I was recently lucky enough to be asked by the fine folks at the Poetry Foundation to whip up a fancy-pants cocktail to celebrate 100 years of Poetry magazine. The cocktail was to be called the Hippocrene after the mythological fountain created by Pegasus. After much experimentation and some very helpful taste-testers, I ended up with:
- 1 1/4 ounces gin
- 3/4 ounce ginger liqueur (domaine de canton)
- 1/2 ounce fresh grapefruit juice
- 1/4 ounce fresh lemon juice
- 1 tablespoon mint tea (brewed at double strength) and chilled
- 2 ounces dry, sparkling wine
- Fresh basil, for garnish
- Dash or two grapefruit bitters
Single glass preparation:
Combine all ingredients except sparkling wine, basil, and bitters (if using) in a mixing glass over ice. Stir and strain into a glass and top with remaining ingredients.

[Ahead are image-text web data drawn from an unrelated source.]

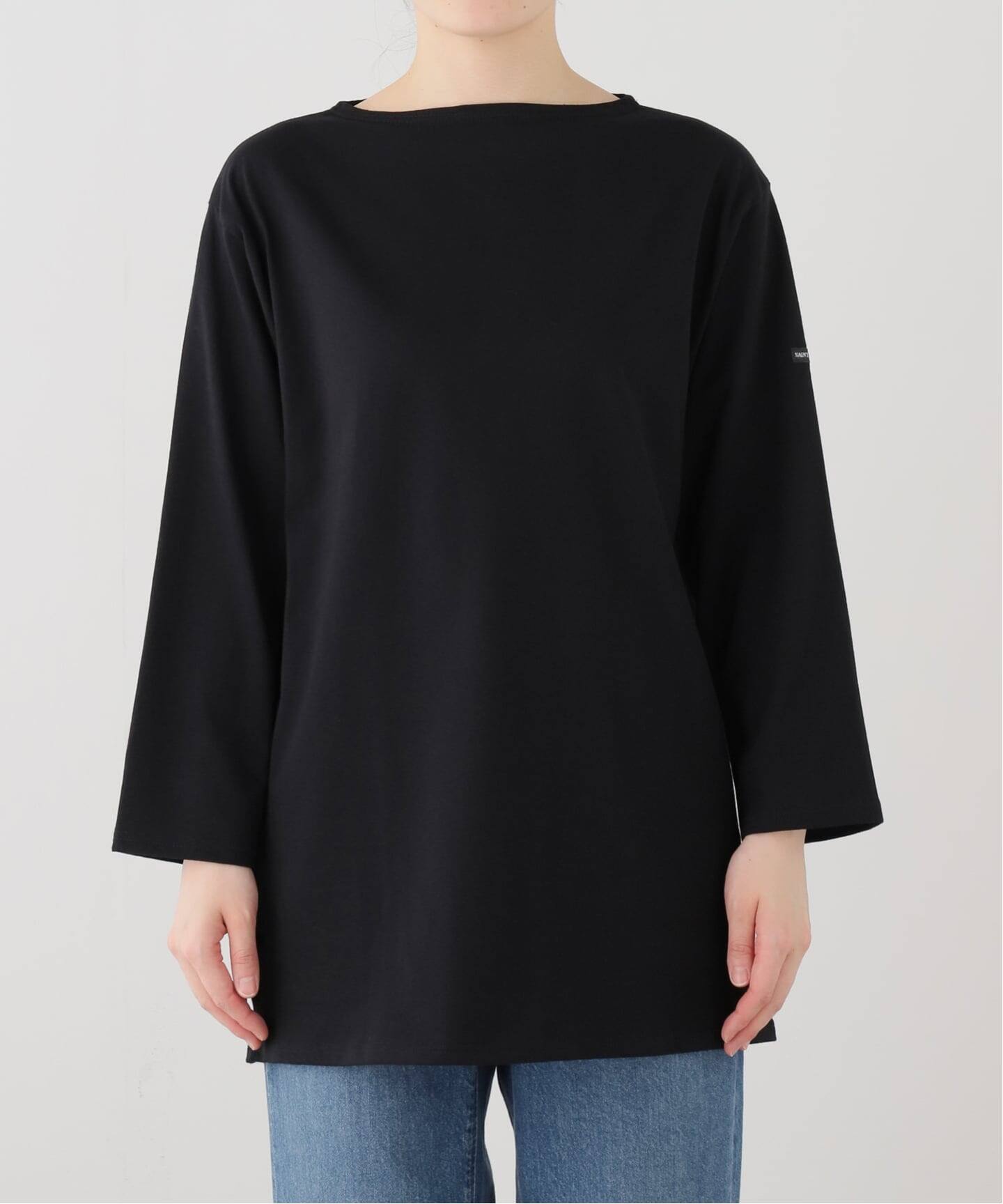 SAINT JAMES / セントジェームス MORLAIX 3/4SLEEVE SOLID（Tシャツ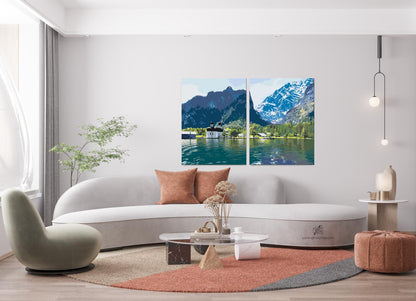 Paint by Numbers - Königssee-søen – Tyskland (sæt af 2 lærreder)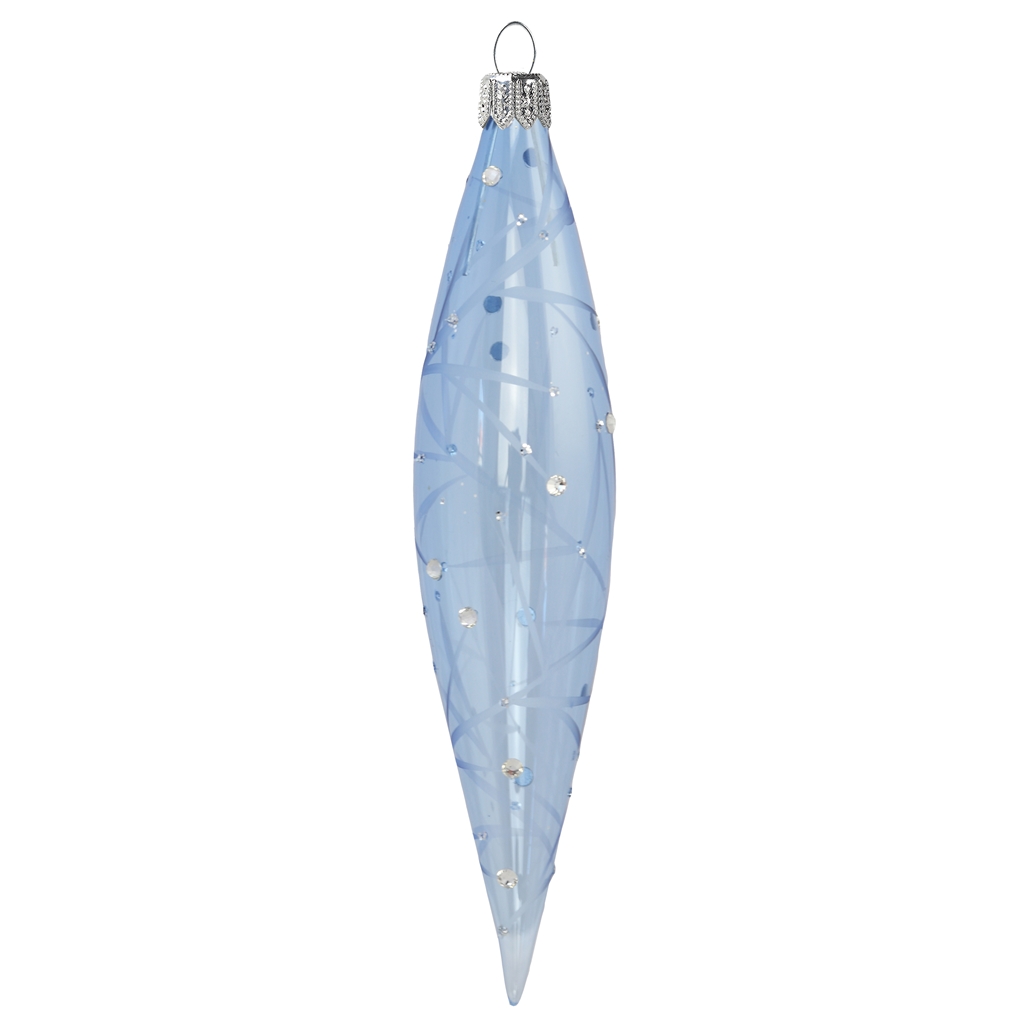 Úzká raketa světle modrá s dekorem jemných větviček
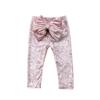 Fashion Toddler Kids Baby Girl Bowknot Bottoms Pleuche Long Pants Leggings Clothes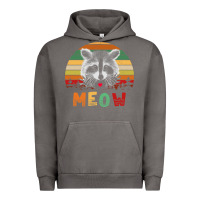 Pigment Tornado funny vintage raccoon meow raccoon lovers Urban Hoodie - linhVisuals
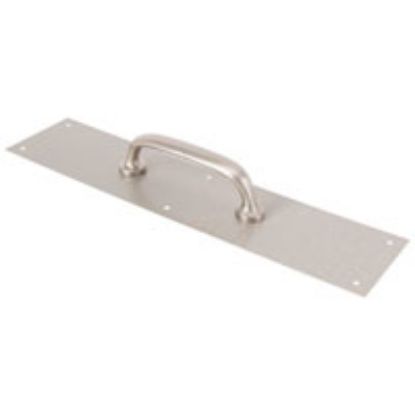 Picture of Door Pull-plate Aluminum Satin-nickel 3-1/2" X 15"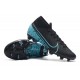 Scarpe Nuovo Nike Mercurial Superfly VII Elite FG Negro Blu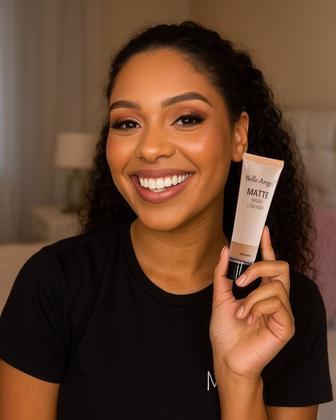 Imagem de BASE LÍQUIDA MATTE BELLE ANGEL 30ml 5 TONS DE PELE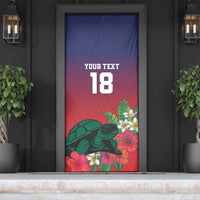 Custom Cayman Islands Door Cover Green Turtle Sporty Style - Wonder Print Shop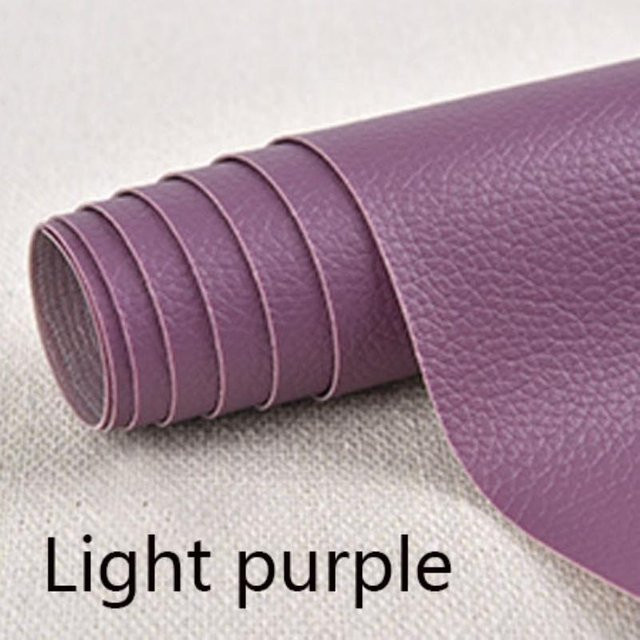 Selbstklebendes Leder-Reparaturpflaster von Home with love in Lichtlila, strapazierfähiges Vinyl-Reparaturset für Sofa, Sitzpolster und Auto, B x H: 50 x 68 cm - Bild 1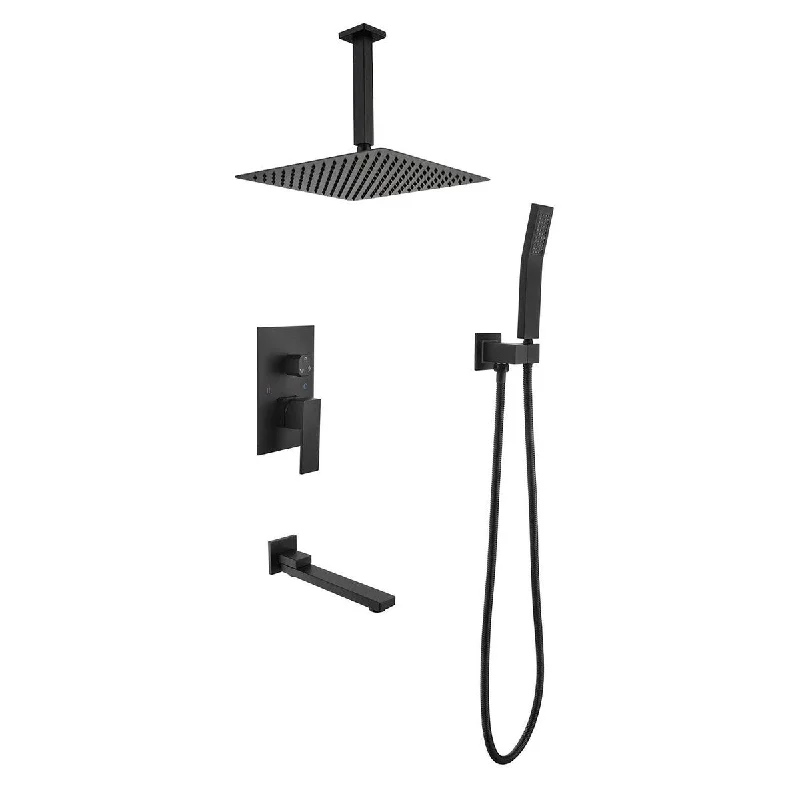 16" Shower Head System Ceiling Mounted Shower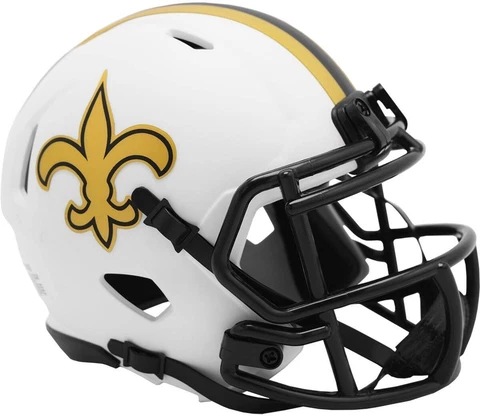 Riddell New Orleans Saints LUNAR Alternate Revolution Speed Mini Football Helmet Cover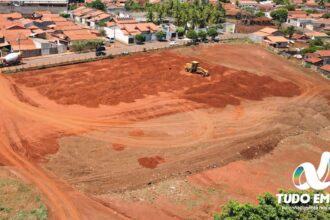 Mais de R$5 milhões serão investidos na obra, que vai atender alunos das proximidades | Foto: Paulo Braga / Tudo Em Dia Drones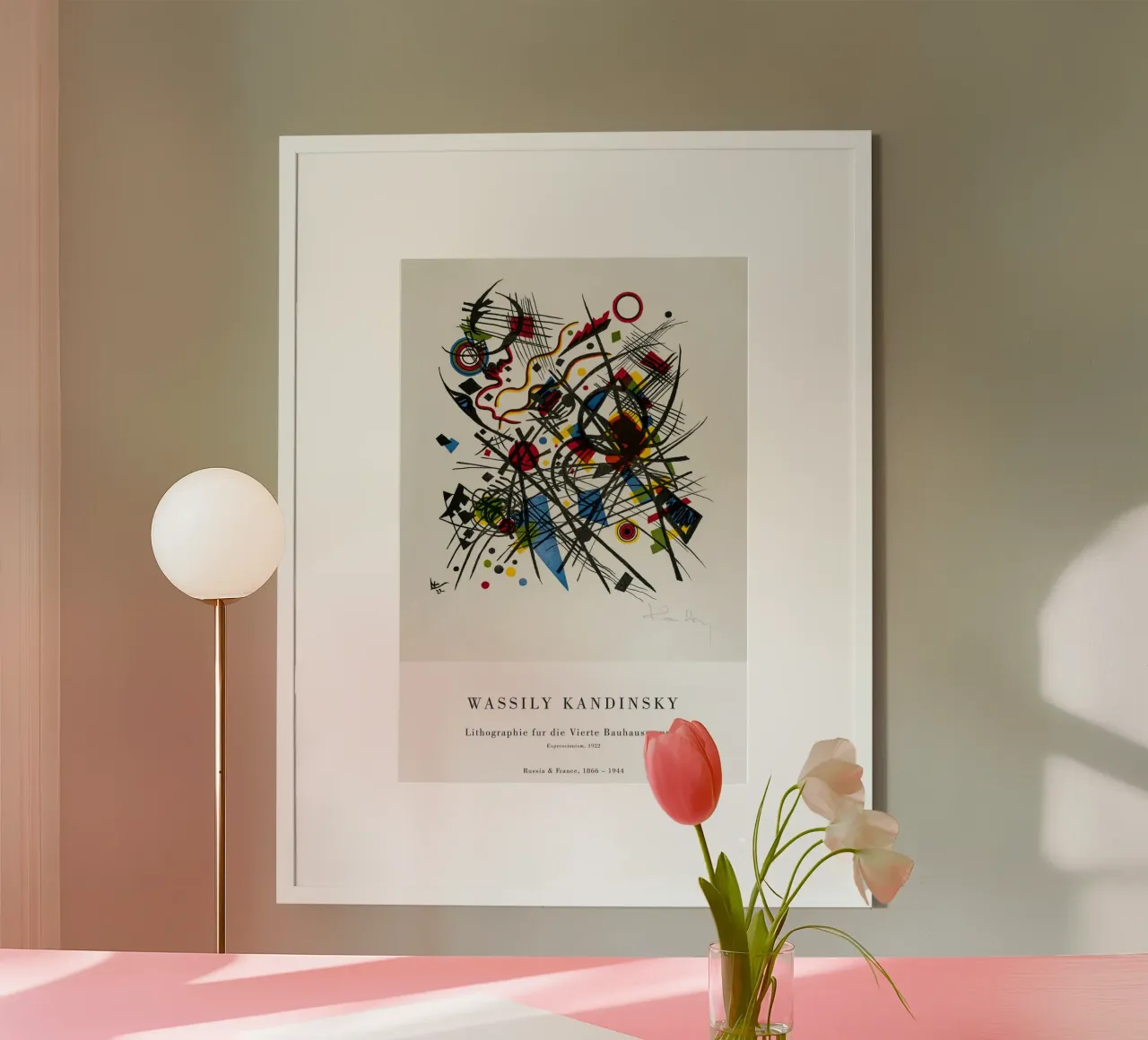 Wassily Kandinsky - Lithographie vierte Bauhausmappe poster da Old Masters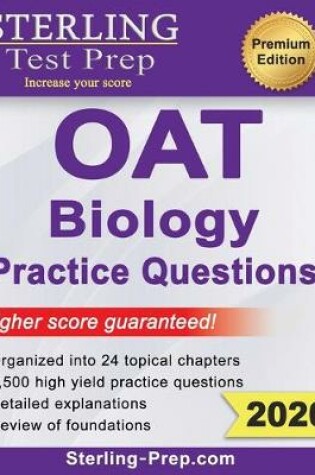 Cover of Sterling Test Prep OAT Biology Practice Questions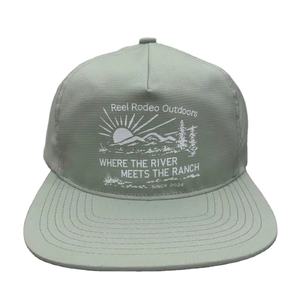 Casquette Snapback 5 Panneaux en Tissu Ripstop Durable avec Logo Personnalisé, Chapeau de Pêche d'Extérieur avec Écusson Brodé Personnalisé - Product Image 1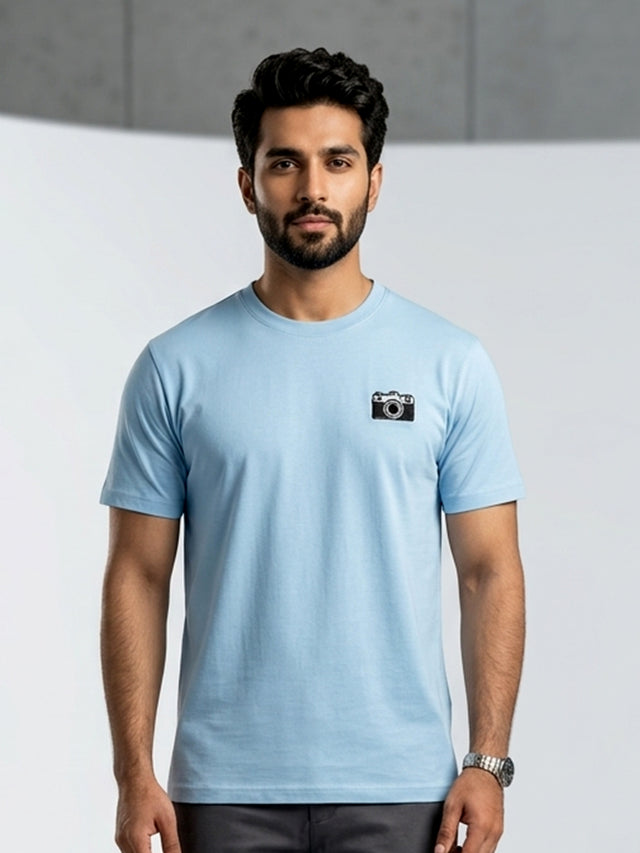 Elvn Mini Patch Detail Crew Neck T-Shirt
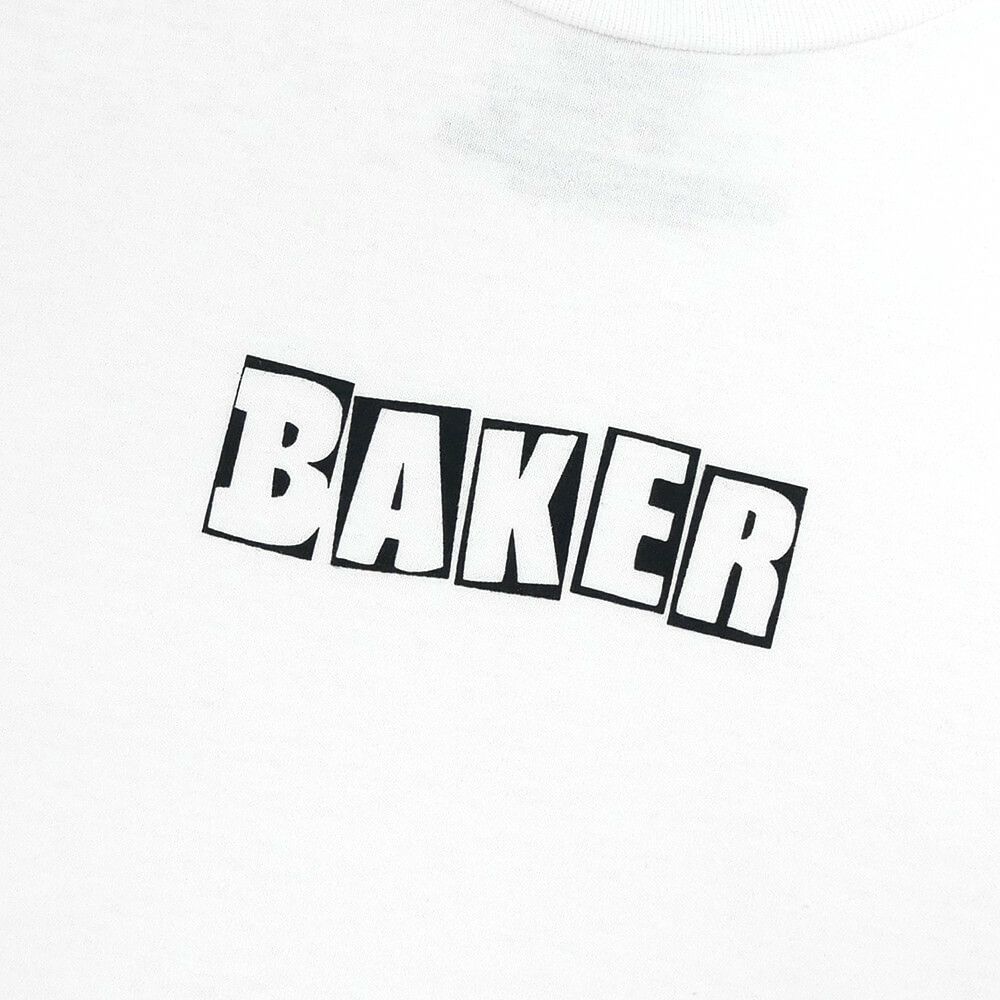 BAKER T-SHIRT ベイカー Tシャツ BRAND LOGO WHITE スケートボード スケボー 1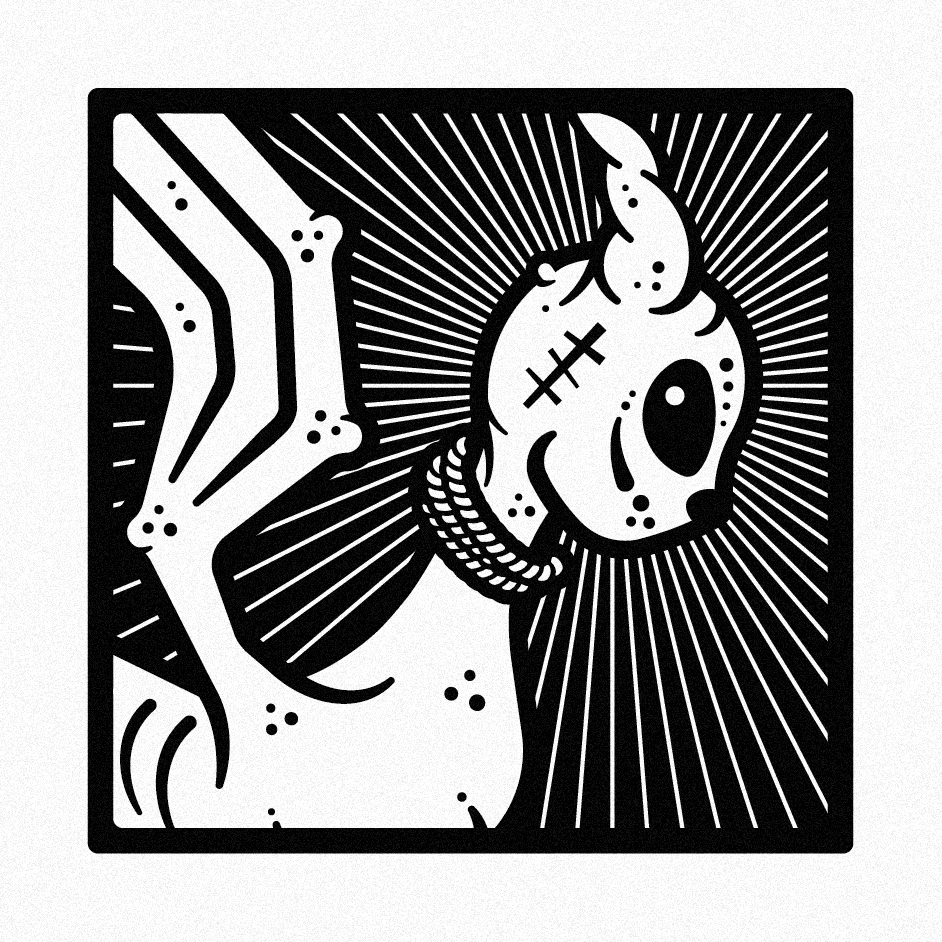 Wicked the Furry, Silkscreen print by Leffe Goldstein.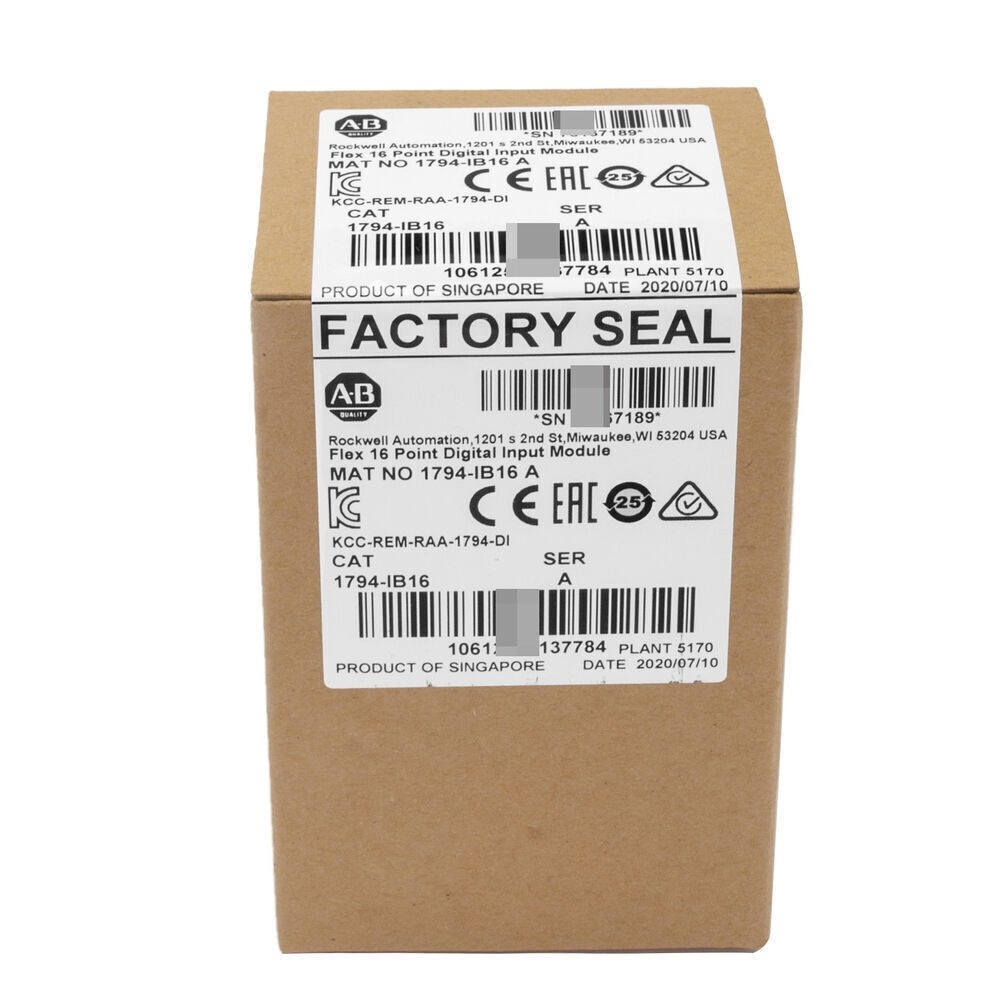 1794IB16 New Allen Bradley 1794-IB16 SER A Flex I/O Input Module US US Free Tax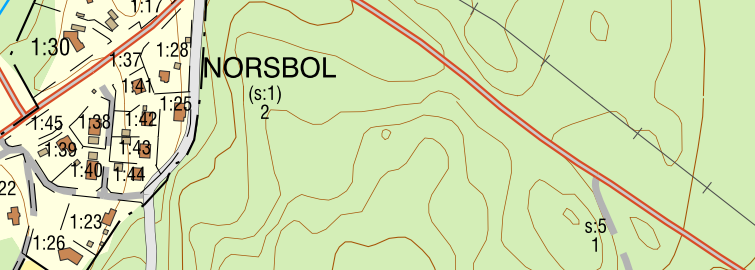 Map section from the Property Map.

Combine all ingredients (in greater quantities) except sparkling wine, basil and bitters in an adequately sized serving bowl, along with some large blocks of ice. It’s best to let this mixture chill and dilute a little while before adding everything else, but if time is short, it could be refrigerated beforehand and water (sparkling or still) can be added along with the rest of the ingredients at service time. The basil should still be added directly to the glass, as it is the aroma and not necessarily the flavor that you’re after. It would also be nice to garnish the mixing bowl with some citrus slices, for color and a generally vigorous appearance.